Well, well, well... Guess who is depressed and not ready to see Mason??? This guy...
I can't believe it. I was perfectly fine the other day. Now I'm completely overwhelmed with thoughts about our relationship not going to work out and me being lonely for the rest of my miserable life. Shoot, I'm going to lonely for the next 5 years... So leaving Mason wouldn't make a difference.
IMVU was fine today. It wasn't that. It was the letter that came in just an hour ago. It was written by Mason 2 WEEKS back! I guess I don't have to answer the phone anymore. He won't be calling. He never got the privilege to...
Go suck one, Hope...
He also told me that he has made his arrangements for a plane. So... we have to cancel his flight. Do we get our money back?? ...

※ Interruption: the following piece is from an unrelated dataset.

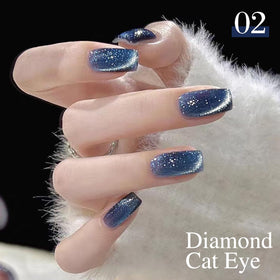 Double Rhythm LED/UV curing guidance shows quick at-home nail art results.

He leaves at 4:30 PM and arrives at Seattle around 7:30ish PM. I won't even be able to be with him on the mother suckin' PLANE!
The good news is that he got 30 days off besides the 10.

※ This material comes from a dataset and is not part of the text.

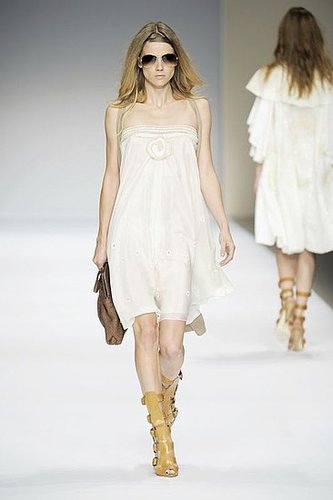Milan Fashion Week: La Perla Spring 2009 Milan Fashion Week: La Perla Spring 2009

The stupid news is that he's going to be working at an office after Christmas...
Wow.
And I thought our lives were going to go back to the way they used to be... I guess not. We might as well be FRIENDS!
Once again, go suck one, Hope.
I just can't BELIEVE this crud right now, man!! Being a military girlfriend SUCKS!!!! You have to literally grow BALLS and have a heart made out of STEEL to do this job...
Maybe I SHOULD go back to the me who was dark and enjoyed hardcore rock because it explained my life. Maybe I'll be HAPPIER that way; so I won't be flawed by Hope anymore... I'll just be neutral - not give a rats ass what happens. It sounds EASIER that way. I'd like it to be easier on me. But what about Mason? And other people? I know you're asking those questions.
Well the answer is, "I'm not strong enough."
Never will be. I'll always be that sensitive little girl who cries over everything - who gets laughed at because she has feelings - who gets frowned at because I care about things...
The only plus of the day was having a really handsome guy come over, named Gage, to check out our heater system in the house.
That's it.
Man... Maybe I should get on some drugs... Maybe not birth control; that sounds weak compared to the crap I'm dealing with. So many feelings... so many thoughts on what to do and what could make my life better... Yet I'm scared to do 'em because I fear they might not work and I'll become worse...
... It's official. "Love Stinks. Yea, yea... Love Stinks."